■ Problem statement:
Give back every record below word for word, with the pictures omitted.

■ Source data:
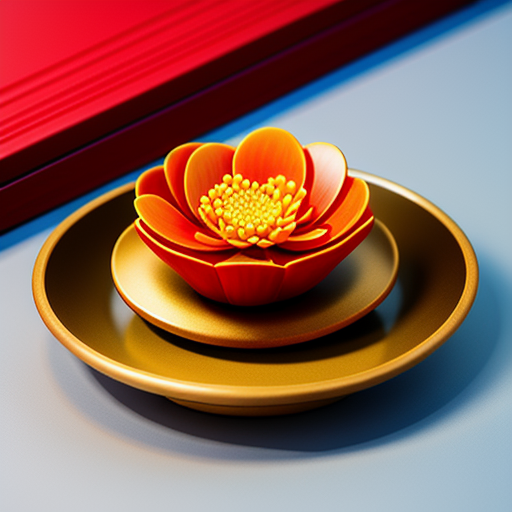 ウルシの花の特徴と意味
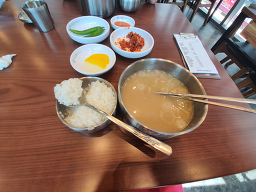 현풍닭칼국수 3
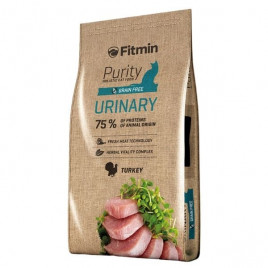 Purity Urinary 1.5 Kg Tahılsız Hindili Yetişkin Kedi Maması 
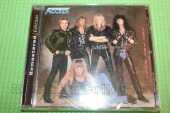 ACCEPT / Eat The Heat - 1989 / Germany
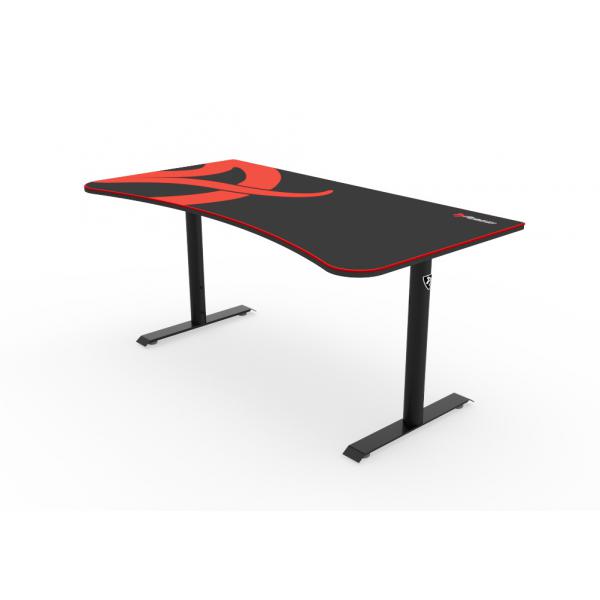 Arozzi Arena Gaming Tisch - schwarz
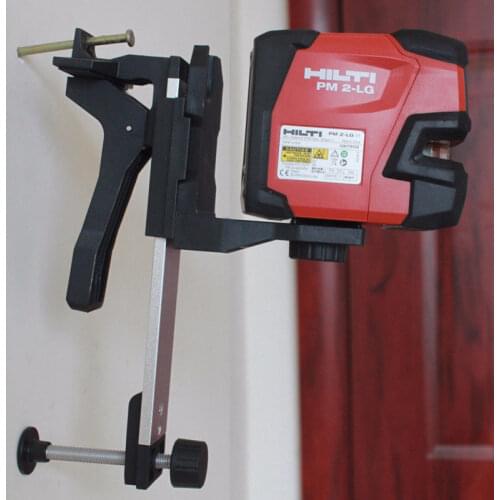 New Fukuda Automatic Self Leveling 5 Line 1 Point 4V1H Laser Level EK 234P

■ Worked solution:
 ウルシの花の特徴と意味
 현풍닭칼국수 3
 Purity Urinary 1.5 Kg Tahılsız Hindili Yetişkin Kedi Maması 
 ACCEPT / Eat The Heat - 1989 / Germany
 Arozzi Arena Gaming Tisch - schwarz
 New Fukuda Automatic Self Leveling 5 Line 1 Point 4V1H Laser Level EK 234P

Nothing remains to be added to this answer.